__DATA PROVIDED__
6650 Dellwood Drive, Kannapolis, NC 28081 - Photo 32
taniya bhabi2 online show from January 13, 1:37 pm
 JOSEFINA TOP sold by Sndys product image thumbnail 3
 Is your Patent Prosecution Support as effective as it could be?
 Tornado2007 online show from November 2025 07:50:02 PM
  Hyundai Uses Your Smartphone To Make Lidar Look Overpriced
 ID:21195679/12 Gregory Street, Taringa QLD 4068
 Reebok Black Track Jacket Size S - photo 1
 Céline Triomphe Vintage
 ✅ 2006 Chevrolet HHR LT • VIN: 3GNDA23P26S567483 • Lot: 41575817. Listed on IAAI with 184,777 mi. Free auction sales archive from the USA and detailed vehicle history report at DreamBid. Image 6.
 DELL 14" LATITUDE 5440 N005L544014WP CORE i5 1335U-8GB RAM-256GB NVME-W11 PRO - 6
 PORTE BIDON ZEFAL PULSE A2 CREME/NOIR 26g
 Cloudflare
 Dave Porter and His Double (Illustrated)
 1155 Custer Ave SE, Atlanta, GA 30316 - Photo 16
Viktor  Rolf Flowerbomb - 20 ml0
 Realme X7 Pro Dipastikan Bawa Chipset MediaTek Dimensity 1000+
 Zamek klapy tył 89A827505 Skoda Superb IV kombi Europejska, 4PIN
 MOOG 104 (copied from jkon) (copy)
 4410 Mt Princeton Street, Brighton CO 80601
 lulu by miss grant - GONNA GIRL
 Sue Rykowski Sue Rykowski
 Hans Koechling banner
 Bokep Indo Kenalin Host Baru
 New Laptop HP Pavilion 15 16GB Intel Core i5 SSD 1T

__AIM OF THE TASK__
Write out the complete listing above, exactly as it reads.

__EXERCISE SOLUTION__
6650 Dellwood Drive, Kannapolis, NC 28081 - Photo 32
taniya bhabi2 online show from January 13, 1:37 pm
 JOSEFINA TOP sold by Sndys product image thumbnail 3
 Is your Patent Prosecution Support as effective as it could be?
 Tornado2007 online show from November 2025 07:50:02 PM
  Hyundai Uses Your Smartphone To Make Lidar Look Overpriced
 ID:21195679/12 Gregory Street, Taringa QLD 4068
 Reebok Black Track Jacket Size S - photo 1
 Céline Triomphe Vintage
 ✅ 2006 Chevrolet HHR LT • VIN: 3GNDA23P26S567483 • Lot: 41575817. Listed on IAAI with 184,777 mi. Free auction sales archive from the USA and detailed vehicle history report at DreamBid. Image 6.
 DELL 14" LATITUDE 5440 N005L544014WP CORE i5 1335U-8GB RAM-256GB NVME-W11 PRO - 6
 PORTE BIDON ZEFAL PULSE A2 CREME/NOIR 26g
 Cloudflare
 Dave Porter and His Double (Illustrated)
 1155 Custer Ave SE, Atlanta, GA 30316 - Photo 16
Viktor  Rolf Flowerbomb - 20 ml0
 Realme X7 Pro Dipastikan Bawa Chipset MediaTek Dimensity 1000+
 Zamek klapy tył 89A827505 Skoda Superb IV kombi Europejska, 4PIN
 MOOG 104 (copied from jkon) (copy)
 4410 Mt Princeton Street, Brighton CO 80601
 lulu by miss grant - GONNA GIRL
 Sue Rykowski Sue Rykowski
 Hans Koechling banner
 Bokep Indo Kenalin Host Baru
 New Laptop HP Pavilion 15 16GB Intel Core i5 SSD 1T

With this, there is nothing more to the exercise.